Fun post, Anita! Fully agree with "no surprises". If performance is deficient, it should be addressed along the way, not once a year. Evaluations should be the time to build on success, not failure!

Anita said...

Thanks! I think the performance should be a roadmap of the coming year, not a land mine to maim unsuspecting employees.

Andres V Acosta said...

I must just be lucky or something, because I've rarely had a performance review that wasn't helpful. I love feedback!

Anita said...

Well, I think you're an inspiration to a lot of us who look at it as a way to put us down, not inspire us. Maybe we just need to think about it another way. Thanks for your insight.

Dan McCarthy said...

Anita -
"Like playing strip poker only blindfolded"?! I love it! I can't wait for the next opportunity to use that at our next HR meeting.

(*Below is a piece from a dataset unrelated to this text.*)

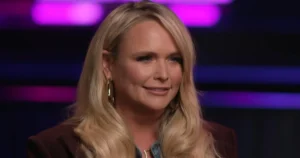 Miranda Lambert reveals inspiration behind Ella Langley's "Choosin' Texas" song she co-wrote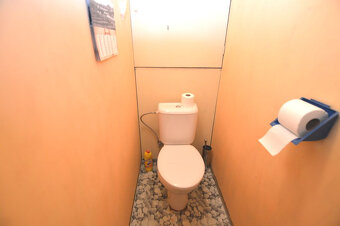 3izb, Kapicova, p. 7/8, 73m2, začiatok Petržalky, pešia zóna - 14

Evil HR Lady recently had a reader ask for ideas on how to make performance appraisals “fun”. It must have hit a nerve, because it generated 31 comments!. Here's mine:
I think performance appraisals are already fun. Some of my other fun hobbies include root canals, going to funerals, annual physicals, long staff meetings, downsizing, watching those commercials in movie theaters, and malaria.
But here’s 10 ways to make them even funner:
2.Make the form longer
3.Insist everything be measurable
4.Do a forced distribution of ratings
5.Do them all at once within a few days
6.Conduct an adverse impact analysis
7.Invite the EEOC in for an audit
8.Automate the process with SAP
9.Form a committee on how to improve them
10. Implement a multi-rater process - more fun for everyone!

Anita said...

You forgot your secondary hobbies of bee stings, splinters under the fingernail and poison ivy. :)
I don't know why changes haven't been made in the way performance evaluations are done...sort of like politics...everyone complains about it, but nothing ever really changes. What will it take, I wonder, to truly make companies do things differently?